Exercice délicat… et réussi ! Ecrire un roman relatant la vie d’une femme, Marie-Madeleine, en associant dans un seul portrait trois figures des évangiles, la courtisane de Magdala, la pécheresse pardonnée de Luc et la sœur de Marthe et Lazare, pouvait apparaître comme un exercice difficile, voire impossible, même si l’auteure, dans sa postface, renvoie à des sources scientifiques qui n’écartent pas cette hypothèse. J’ai abordé le livre avec une certaine réserve, d’autant que le titre et la reproduction, en page de couverture, du tableau de Alfred Stevens me semblaient quelque peu aguicheurs.

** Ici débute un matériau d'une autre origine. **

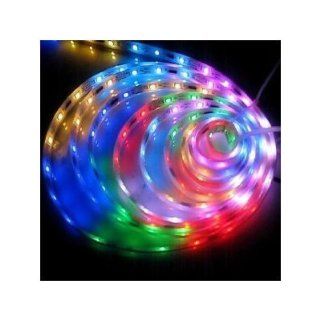 YAGGU Set Ultimate Dream RGB Color Changing Magic LED Strip Waterproof LED 99 Changing Program with Controller and Power Supply: Musical Instruments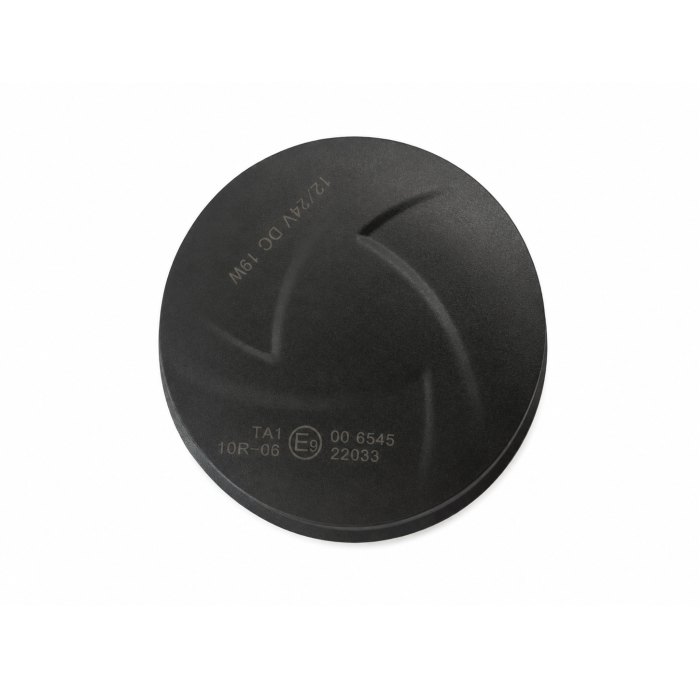 Girofar LED Stroboscopic Portocaliu Fumuriu, cu Baterie Li-Ion si Telecomanda, 36 LED, 19W, 12-24V, 7 Moduri, Magnetic cu Ventuza, E9, ECE R10, IP67 [3]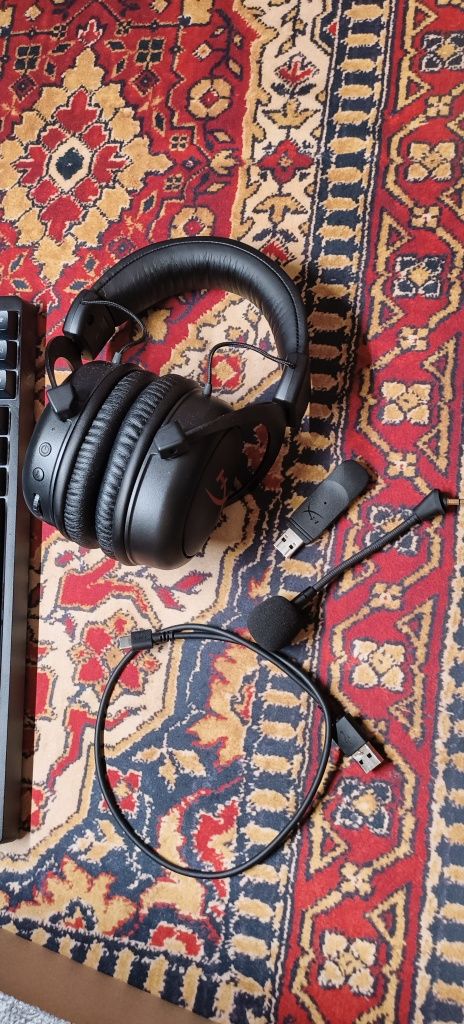 hyperx cloud core wireless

Cécilia Dutter rend cette histoire très plausible en nous faisant vivre de l’intérieur la transformation spirituelle d’une jeune fille de Béthanie, soucieuse de fuir son environnement natal pour se frotter aux réalités et aux plaisirs de Jérusalem, puis attirée par la réputation de Jean-Baptiste et de Jésus, et allant à la rencontre de ce dernier pour finalement le suivre jusqu’au bout, c’est-à-dire au pied de la croix puis dans le jardin de l’apparition du Ressuscité, et jusqu’à la grotte de la Sainte Baume. Je me suis laissé entrainer dans ce parcours qui permet à Cécilia Dutter de nous plonger dans le contexte de cette époque avec une foule de mentions historiques, géographies, florales et liées à la vie quotidienne. Parcours qui nous confronte surtout aux paroles du Christ, toutes extraites des évangiles, telles qu’elles ont pu être entendues par une femme de l’époque, rebelle aux traditions locales et en quête du sens de sa vie. C’est l’occasion de découvrir un Jésus qui n’a pas peur des femmes, de les écouter, de leur parler, ni même de les prendre dans ses bras avec tendresse ; un homme qui se construit également à travers le regard et les paroles des femmes qu’il croise ; un homme enfin dont le charisme fait découvrir à Marie- Madeleine la portée universelle de l’amour qu’il porte à tous les êtres humains.
On peut s’étonner que Cécila Dutter n’ait pas interrogé la fratrie de Jésus, acceptant sans discussion qu’il soit fils unique. On peut regretter que les principaux apôtres, notamment Pierre et Jean, restent beaucoup trop dans l’ombre. Mais il faut savourer son regard de femme sur cette femme qui se révèle à elle-même. Ce livre me semble une excellente introduction à offrir à des personnes éloignées de l’église ou inquiètes de se confronter directement aux évangiles. Enfin, en cette période de doute, Cécilia Dutter nous offre son propre credo, une façon très personnelle et admirative de nous dire sa foi, avec chaleur, émotion et amour.
Je suis persuadé que l’écriture de ce roman a changé Cécilia Dutter. Merci à elle de s’être ainsi livrée en nous faisant partager l’éblouissement de Marie-Madeleine-Cécilia.